Start of Source material
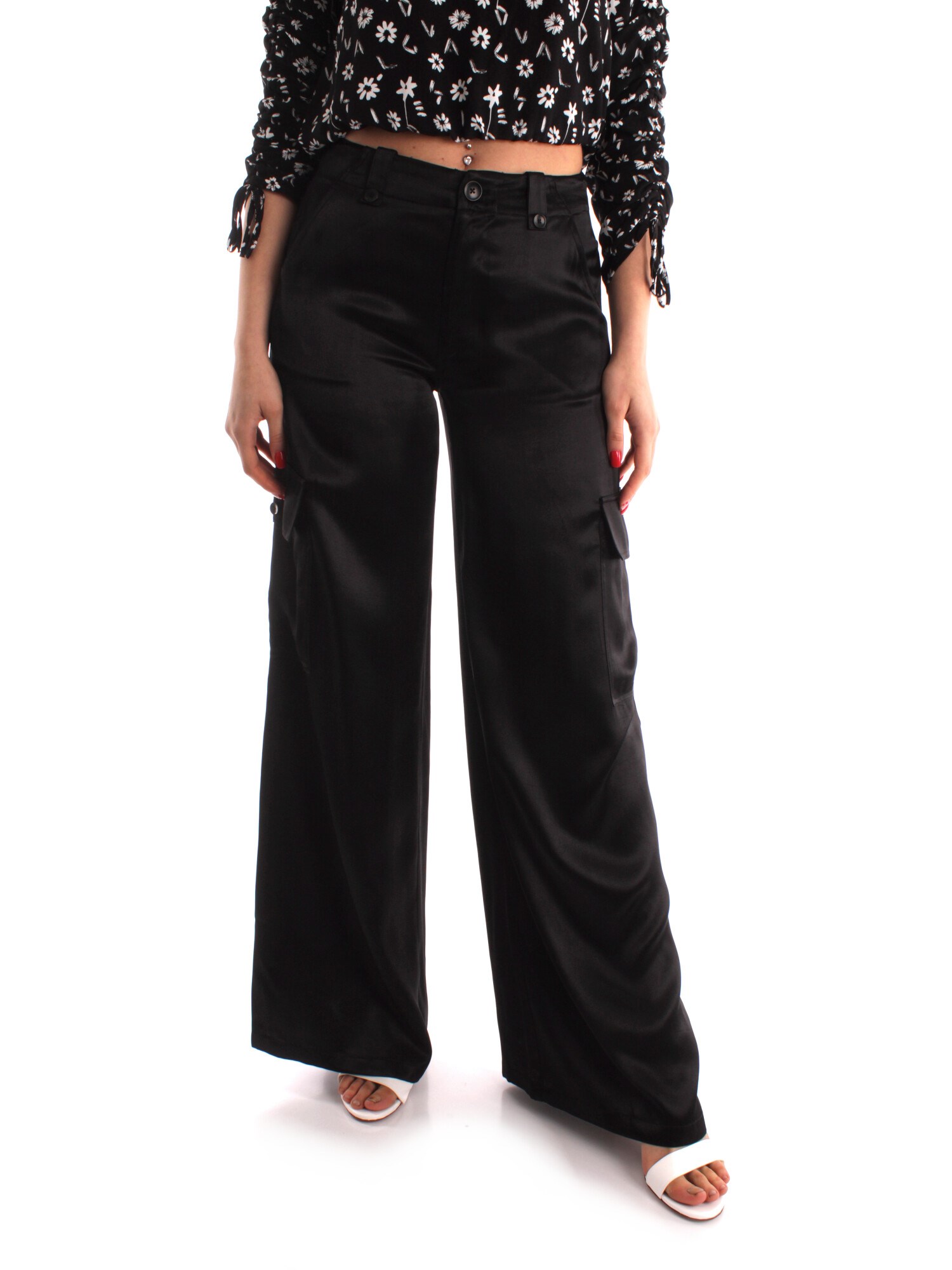 Desigual Clothing Woman Cargo BLACK 23SWPW13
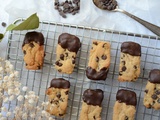 Mini barres de cookies au chocolat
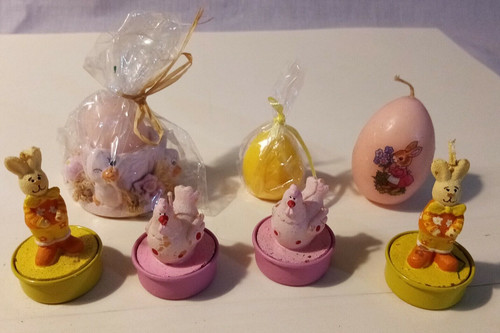 Set candele pasquali varie - set, di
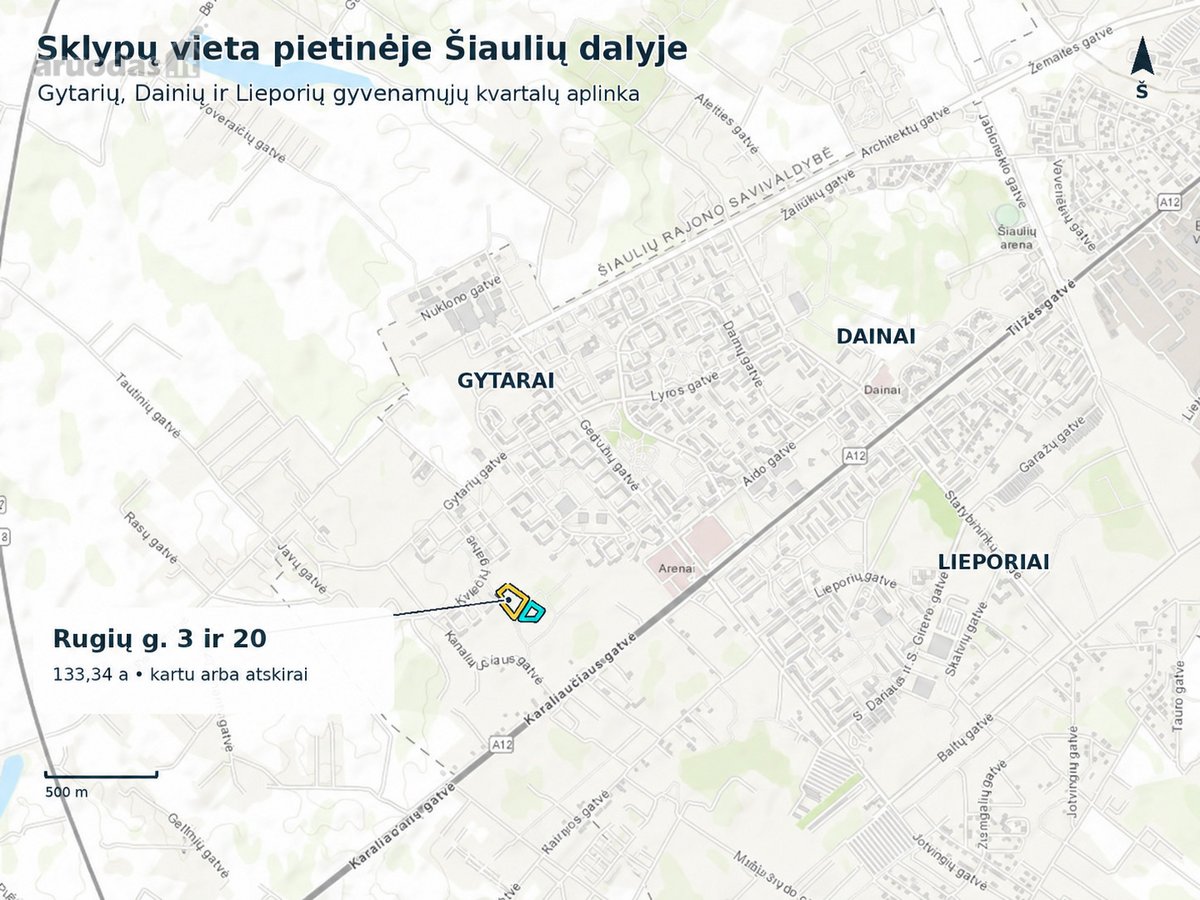 Parduodamas sklypas daugiabučių plėtrai - nuotraukos Nr. 5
End of Source material
§ Problem:
Rewrite the data above exactly as given, but omit the images.

§ Answer:
 Desigual Clothing Woman Cargo BLACK 23SWPW13
 Mini barres de cookies au chocolat
 Set candele pasquali varie - set, di
 Parduodamas sklypas daugiabučių plėtrai - nuotraukos Nr. 5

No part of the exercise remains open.